- Opening Delimiter -

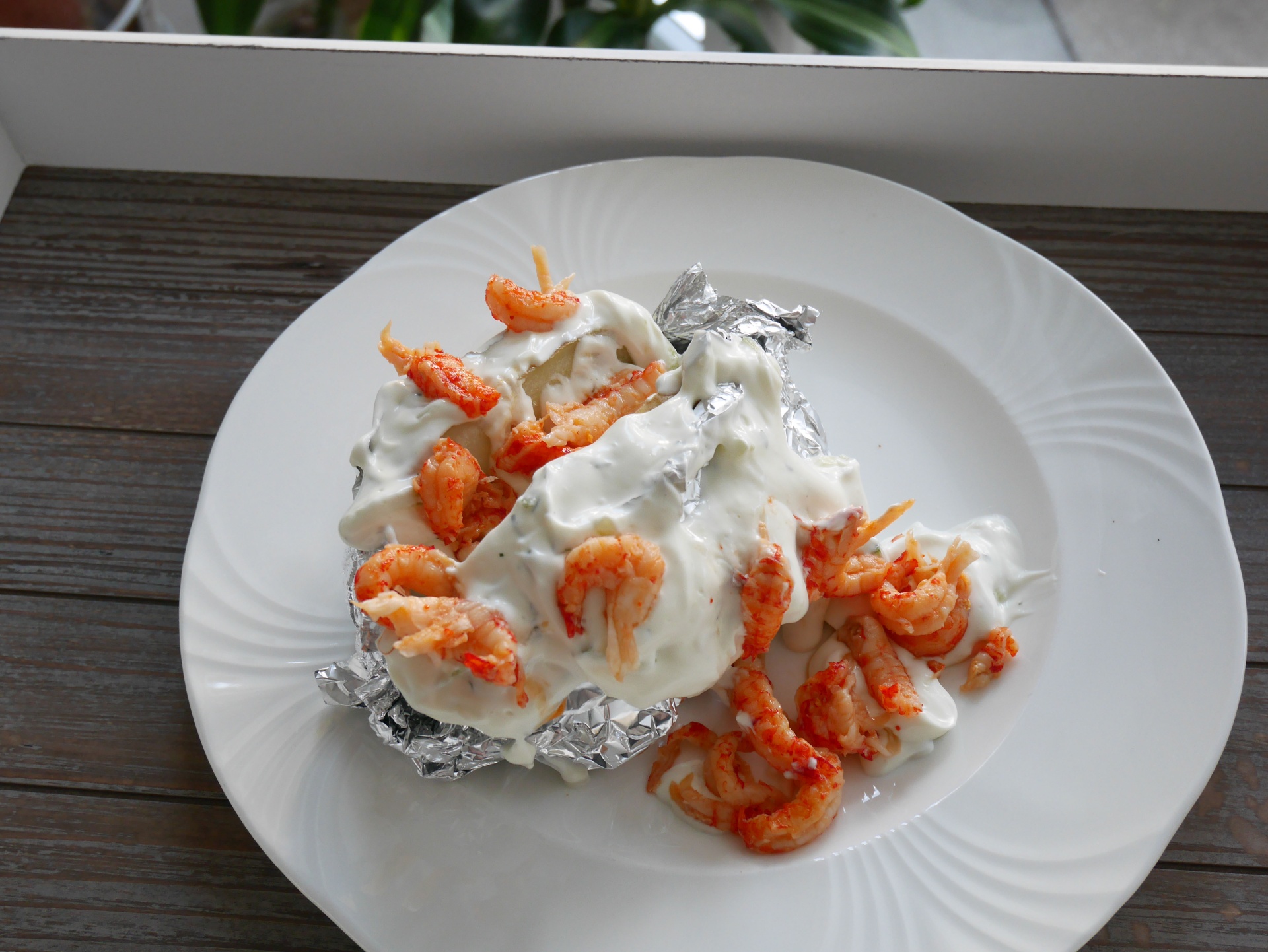 Ofenkartoffeln mit weier Sauce und
              Flusskrebsen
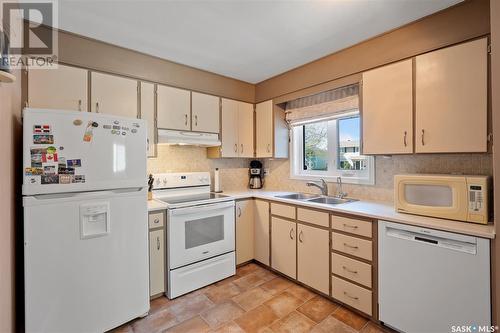 57 Clark Crescent, Saskatoon, SK - Indoor Photo Showing Kitchen With Double Sink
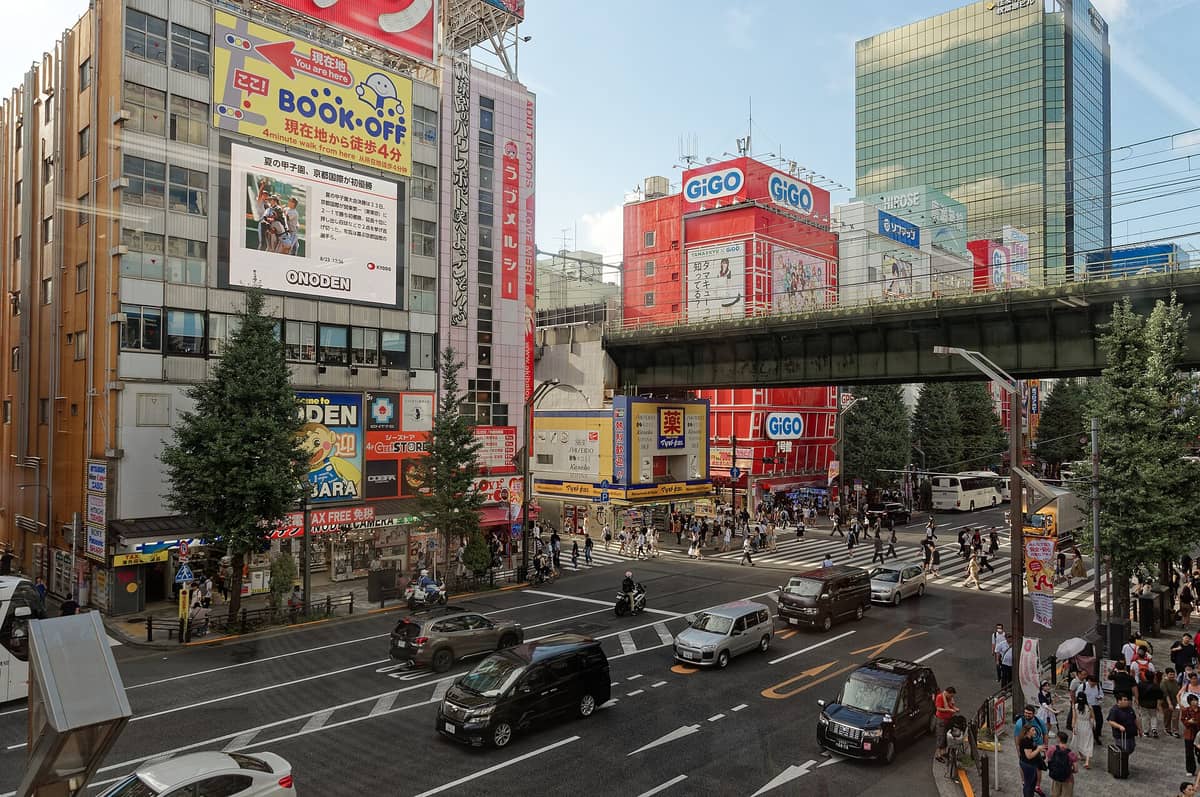 Akihabara Electric Town intersection with crowds, colorful billboards, anime advertisements, and Chuo-dori under an overhead railway, capturing the vibrant heart of Akihabara.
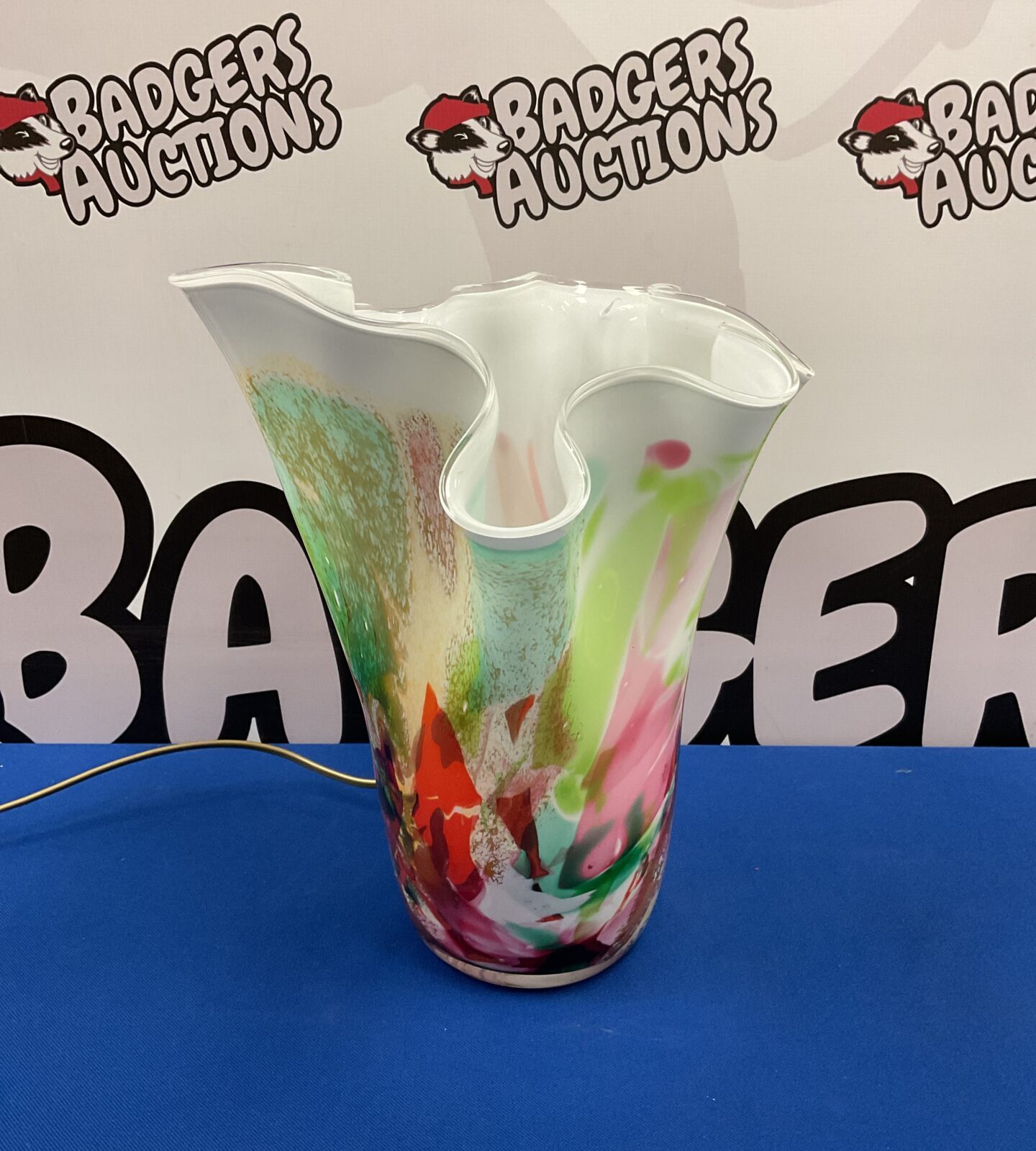 Vibrant Krosno handkerchief vase with colourful glass swirls.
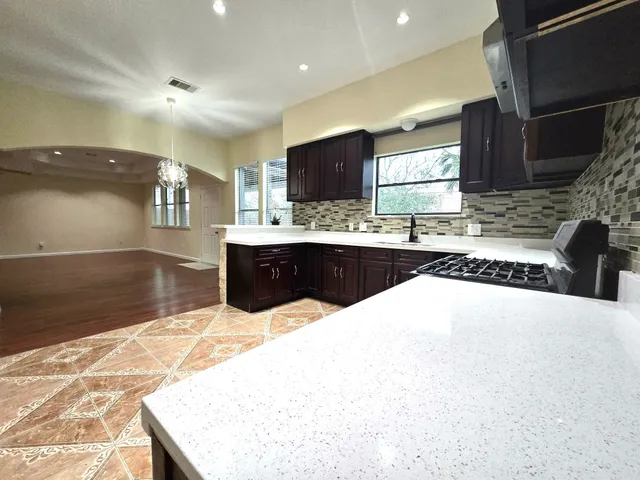 a kitchen with stainless steel appliances kitchen island granite countertop a sink and cabinets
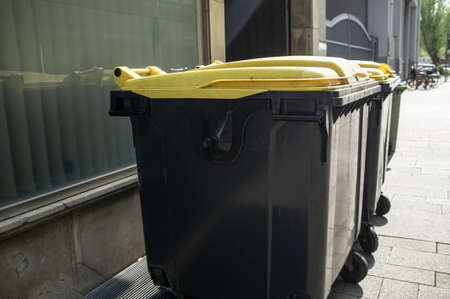 Plastic garbage containers stand near the buildings showcase, on a city street, on a spring day.の写真素材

- Closing Delimiter -

Line by line, print the records exactly, leaving the pictures behind.

 Ofenkartoffeln mit weier Sauce und
              Flusskrebsen
 57 Clark Crescent, Saskatoon, SK - Indoor Photo Showing Kitchen With Double Sink
 Akihabara Electric Town intersection with crowds, colorful billboards, anime advertisements, and Chuo-dori under an overhead railway, capturing the vibrant heart of Akihabara.
 Vibrant Krosno handkerchief vase with colourful glass swirls.
 a kitchen with stainless steel appliances kitchen island granite countertop a sink and cabinets
 Plastic garbage containers stand near the buildings showcase, on a city street, on a spring day.の写真素材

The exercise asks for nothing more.